Waitby Castle is situated about a mile and a half West of Kirkby Stephen, and about a quarter of a mile East of the small village of Waitby. The remains are hidden, surprisingly, on the top of a hill, that overlooks the now disused railway embankments. From the roadside, the fort, for that is really what it is, cannot be seen, so maps and a little guesswork were essential in finding the remains. This involved crossing walls (carefully) and climbing the steep hillside.
Once there, the remains are fairly obvious, and consist of the earthworks and buried remains of an enclosed Romano-British settlement. The fort is an oval shaped structure, surviving as banks and ditches, as well as the earthwork remains of up to 5 rectangular enclosures within the boundaries of the protective banks and ditches. These probably represent the earth footings of buildings. These remains are situated on the Eastern side of the castle.
An inner stone bank separates these enclosures from the Western side of the castle, running North to South, and probably indicates the boundary of the settlement before a period of enlargement was undertaken.
There are also a pair of dykes that run parallel with each other, probably representing a Northern entrance into the settlement. They run for around 80 metres, and are fairly well defined.
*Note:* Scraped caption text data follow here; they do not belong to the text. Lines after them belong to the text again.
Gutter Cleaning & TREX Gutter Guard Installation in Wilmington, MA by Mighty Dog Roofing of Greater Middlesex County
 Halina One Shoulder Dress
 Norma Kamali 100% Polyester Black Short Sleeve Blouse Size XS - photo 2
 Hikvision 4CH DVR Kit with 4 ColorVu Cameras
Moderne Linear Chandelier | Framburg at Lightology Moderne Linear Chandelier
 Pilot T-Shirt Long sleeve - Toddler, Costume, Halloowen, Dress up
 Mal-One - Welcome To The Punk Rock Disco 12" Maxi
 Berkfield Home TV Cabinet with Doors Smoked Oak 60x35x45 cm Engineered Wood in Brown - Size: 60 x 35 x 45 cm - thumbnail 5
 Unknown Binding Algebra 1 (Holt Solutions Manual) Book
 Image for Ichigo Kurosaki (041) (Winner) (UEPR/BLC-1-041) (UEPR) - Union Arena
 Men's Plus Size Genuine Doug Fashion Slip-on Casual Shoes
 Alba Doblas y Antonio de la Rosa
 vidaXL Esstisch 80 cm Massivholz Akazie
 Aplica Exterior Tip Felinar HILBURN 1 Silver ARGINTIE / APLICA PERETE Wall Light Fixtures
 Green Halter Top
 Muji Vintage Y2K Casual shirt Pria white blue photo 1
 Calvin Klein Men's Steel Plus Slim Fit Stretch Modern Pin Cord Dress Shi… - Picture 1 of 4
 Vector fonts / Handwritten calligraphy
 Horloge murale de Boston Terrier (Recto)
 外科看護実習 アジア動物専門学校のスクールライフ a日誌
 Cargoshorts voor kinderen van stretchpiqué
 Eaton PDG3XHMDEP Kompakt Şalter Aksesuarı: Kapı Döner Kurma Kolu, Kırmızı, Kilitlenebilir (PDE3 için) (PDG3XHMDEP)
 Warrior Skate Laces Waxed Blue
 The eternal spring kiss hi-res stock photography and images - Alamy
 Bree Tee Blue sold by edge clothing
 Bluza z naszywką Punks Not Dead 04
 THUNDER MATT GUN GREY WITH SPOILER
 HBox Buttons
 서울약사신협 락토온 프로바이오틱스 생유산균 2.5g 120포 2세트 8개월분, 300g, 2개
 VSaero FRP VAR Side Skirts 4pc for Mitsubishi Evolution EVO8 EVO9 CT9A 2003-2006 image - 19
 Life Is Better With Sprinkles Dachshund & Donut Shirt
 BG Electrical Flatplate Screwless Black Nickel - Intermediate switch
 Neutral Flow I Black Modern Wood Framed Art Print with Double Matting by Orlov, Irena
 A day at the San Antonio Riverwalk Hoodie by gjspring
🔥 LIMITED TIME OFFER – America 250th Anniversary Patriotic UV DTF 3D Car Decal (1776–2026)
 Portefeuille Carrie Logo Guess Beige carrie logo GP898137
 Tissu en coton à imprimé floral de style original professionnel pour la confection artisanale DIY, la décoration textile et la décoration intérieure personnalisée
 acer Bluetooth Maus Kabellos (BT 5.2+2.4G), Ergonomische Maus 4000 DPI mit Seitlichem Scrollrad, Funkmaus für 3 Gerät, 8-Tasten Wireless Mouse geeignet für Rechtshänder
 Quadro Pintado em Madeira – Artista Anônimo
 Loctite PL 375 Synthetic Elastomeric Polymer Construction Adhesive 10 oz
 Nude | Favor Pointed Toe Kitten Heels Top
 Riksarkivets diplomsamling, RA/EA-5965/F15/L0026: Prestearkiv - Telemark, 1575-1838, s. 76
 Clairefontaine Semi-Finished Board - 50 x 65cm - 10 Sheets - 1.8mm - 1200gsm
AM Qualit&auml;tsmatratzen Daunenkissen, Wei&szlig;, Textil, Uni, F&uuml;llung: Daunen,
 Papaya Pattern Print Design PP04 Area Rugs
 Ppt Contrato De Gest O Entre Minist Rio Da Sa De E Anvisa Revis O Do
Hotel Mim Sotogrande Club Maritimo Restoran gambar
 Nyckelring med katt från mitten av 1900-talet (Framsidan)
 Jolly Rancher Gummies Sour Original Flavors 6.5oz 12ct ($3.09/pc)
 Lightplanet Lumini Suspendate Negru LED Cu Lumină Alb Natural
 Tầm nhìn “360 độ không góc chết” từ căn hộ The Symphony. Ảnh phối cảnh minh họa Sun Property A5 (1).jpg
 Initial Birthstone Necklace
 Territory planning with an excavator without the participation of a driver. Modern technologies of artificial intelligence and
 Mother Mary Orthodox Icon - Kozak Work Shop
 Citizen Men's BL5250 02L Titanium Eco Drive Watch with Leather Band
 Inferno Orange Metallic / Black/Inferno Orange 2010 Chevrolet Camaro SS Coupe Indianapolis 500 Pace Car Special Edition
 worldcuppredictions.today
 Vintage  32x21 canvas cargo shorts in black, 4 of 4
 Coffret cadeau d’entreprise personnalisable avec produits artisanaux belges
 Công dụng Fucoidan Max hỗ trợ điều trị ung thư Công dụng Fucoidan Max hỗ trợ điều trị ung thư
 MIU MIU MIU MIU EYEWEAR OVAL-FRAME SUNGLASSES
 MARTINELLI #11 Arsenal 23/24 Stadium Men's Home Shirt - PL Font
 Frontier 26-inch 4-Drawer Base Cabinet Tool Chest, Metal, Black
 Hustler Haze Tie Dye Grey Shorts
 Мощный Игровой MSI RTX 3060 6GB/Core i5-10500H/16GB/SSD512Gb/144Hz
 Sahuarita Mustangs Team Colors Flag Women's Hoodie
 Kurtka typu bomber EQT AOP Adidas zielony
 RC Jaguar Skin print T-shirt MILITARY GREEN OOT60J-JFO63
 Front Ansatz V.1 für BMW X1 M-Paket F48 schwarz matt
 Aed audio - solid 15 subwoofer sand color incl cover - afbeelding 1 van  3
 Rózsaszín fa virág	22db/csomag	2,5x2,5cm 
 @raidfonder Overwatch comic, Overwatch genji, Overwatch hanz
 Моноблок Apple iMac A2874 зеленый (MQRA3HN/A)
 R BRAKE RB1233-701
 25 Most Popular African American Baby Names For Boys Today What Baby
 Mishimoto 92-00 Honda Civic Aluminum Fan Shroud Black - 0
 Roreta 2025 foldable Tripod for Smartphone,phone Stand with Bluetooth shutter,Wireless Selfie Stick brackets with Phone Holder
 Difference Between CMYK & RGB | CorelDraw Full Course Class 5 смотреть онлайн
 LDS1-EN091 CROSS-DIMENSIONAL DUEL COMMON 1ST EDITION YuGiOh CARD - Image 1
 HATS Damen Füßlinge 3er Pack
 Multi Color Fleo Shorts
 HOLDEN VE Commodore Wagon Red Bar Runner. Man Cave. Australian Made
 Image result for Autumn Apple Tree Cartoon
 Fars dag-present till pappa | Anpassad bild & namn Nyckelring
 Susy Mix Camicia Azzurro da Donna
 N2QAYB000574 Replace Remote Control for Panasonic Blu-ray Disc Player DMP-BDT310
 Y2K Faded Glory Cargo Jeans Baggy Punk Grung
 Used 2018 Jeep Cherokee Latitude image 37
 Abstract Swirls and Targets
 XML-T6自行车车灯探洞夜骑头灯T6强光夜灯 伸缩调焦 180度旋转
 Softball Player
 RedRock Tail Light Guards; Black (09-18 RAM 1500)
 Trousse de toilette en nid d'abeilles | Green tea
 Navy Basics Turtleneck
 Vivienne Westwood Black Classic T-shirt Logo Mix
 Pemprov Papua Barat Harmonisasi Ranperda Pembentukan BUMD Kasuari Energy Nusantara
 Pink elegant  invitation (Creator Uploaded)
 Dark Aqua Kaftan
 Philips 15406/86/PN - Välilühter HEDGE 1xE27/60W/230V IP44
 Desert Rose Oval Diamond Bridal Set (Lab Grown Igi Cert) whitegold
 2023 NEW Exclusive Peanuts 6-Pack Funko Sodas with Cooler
Also running through the castle, is around 65 metres of a medieval dyke, which is represents the Northern end of a 2km, possibly defensive, dyke. The site was excavated in 1974, and it was surmised that the earliest period that the settlement was occupied, would have been around 2AD. During this early period of occupation, the whole site would have been defended with a fence and ditch, and there is evidence that the yards between buildings were cobbled.
Sometime in late 2AD or early 3AD, a new stone perimeter was erected, and it's likely that the original outer ditch was abandoned. An outer rampart replaced the ditch, and can still be seen to some degree.
The castle has been slightly damaged in the past by some ploughing, but more recently by the use of tractors. Indeed there is a well defined pathway right through the middle of the earthworks. This site isn't really accessible, as it's off any public right of way.